1. Field of the Invention
Embodiments of the present invention generally relate to bandwidth management of communication sessions, and, in particular, to a system and method for aggressive bandwidth management in audio and/or video conferencing systems, webinars, web conferences, virtual reality session, and the like
2. Description of Related Art
In today's market, the use of video services, such as video conferencing, is experiencing a dramatic increase. Since video services require a significantly larger amount of bandwidth compared to audio services, this has caused increased pressure on existing communication systems to provide the necessary bandwidth for video communications. Because of the higher bandwidth requirements of video, users are constantly looking for products and services that can provide the required video services efficiently and within the limits of available lower-cost bandwidth. One way to do this is to provide solutions that reduce and/or optimize the bandwidth used by video services.

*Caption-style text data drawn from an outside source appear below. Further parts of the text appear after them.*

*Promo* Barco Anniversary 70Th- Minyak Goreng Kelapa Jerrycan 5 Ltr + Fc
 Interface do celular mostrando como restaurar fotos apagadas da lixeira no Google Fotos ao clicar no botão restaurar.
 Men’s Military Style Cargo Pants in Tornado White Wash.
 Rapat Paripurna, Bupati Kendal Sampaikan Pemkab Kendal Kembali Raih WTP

Some video conferencing users actively observe at all times, and participate whenever needed. Other users are less active participants, and may devote less than full attention during the video conference, e.g., by multitasking during the video conference, while participating more actively in the video conference only for a few topics. Other video conferencing users may be absent participants who may walk away entirely from their telecom endpoints during some portion of the video conference. Conventional systems will devote sufficient resources (e.g., bandwidth, CPU or memory utilization, etc.) to service active users, which would be more resources than are needed to service less active or absent participants, thereby causing a waste of the system resources.
In the background art, a lack of sound from a user's telecom endpoint may allow a video conferencing system to auto-mute the telecom endpoint and thereby conserve upstream bandwidth. Similar approaches can also be used to video-mute an absent user's endpoint, again for reducing upstream bandwidth. Some systems may mute an endpoint if a call is auto-answered (e.g., answered by an answering machine), for reasons of privacy, for reducing annoyance to nearby persons, and/or conserving upstream bandwidth. Some systems may mute an endpoint in order to reduce noise originating from connected but unused or underutilized telecom endpoints, but do not have sophisticated methods of detecting when a telecom endpoint is unused or underutilized.
Therefore, a need exists to provide improved methods of detecting when a telecom endpoint is unused or underutilized, in order to improve upstream bandwidth conservation, and ultimately improved customer satisfaction through greater resource availability.